Cross-country cycling is defined by the terrain on which it is performed. Cross-country courses and trails consist of a mix of rough forest paths, single or double tracks, smooth fire roads, and even paved paths connecting trails together. Cross-country trails are deemed "easy" or "intermediate" and rely more on physical prowess than technical ability.
Trail riding mountain bikes are typically ridden on mountain trails, fire roads, logging roads, and other unpaved trails. These types of terrain commonly include rocks, washouts, ruts, loose sand, loose gravel, roots, and steep slopes or ski runs, sometimes accessed using ski lifts.
Enduro and Downhill mountain biking (DH) - recreational holiday riding only not involving competitions or timed events (see Pro Adventure below) - (DH) is a genre of mountain biking practiced on steep, rough terrain that often features jumps, drops, rock gardens and other obstacles.
Enduro amateur mountain bike races where the downhills are timed, and the uphills are mandatory but not timed. Riders are timed in stages that are primarily downhill, with neutral "transfer" stages in between.
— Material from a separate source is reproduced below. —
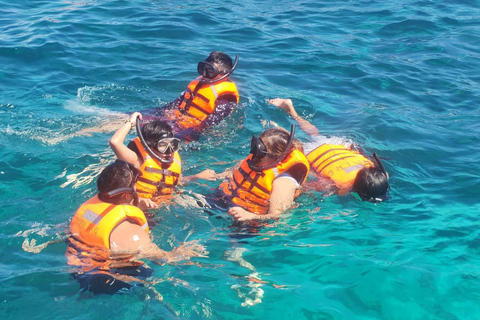 Boracay Private Island Hopping with Fishing & Island Explore Sunset Island Hopping with Fishing (4-7 Pax)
The transfer stages usually must be completed within a time-limit, but are not part of the accumulated time.
Downhill mountain biking (DH) amateur event mountain biking practiced on steep, rough terrain that often features jumps, drops, rock gardens and other obstacles.
Freeride is a discipline of mountain biking closely related to downhill mountain biking, dirt jumping and freestyle BMX. The focus is on tricks, style, and technical trail features.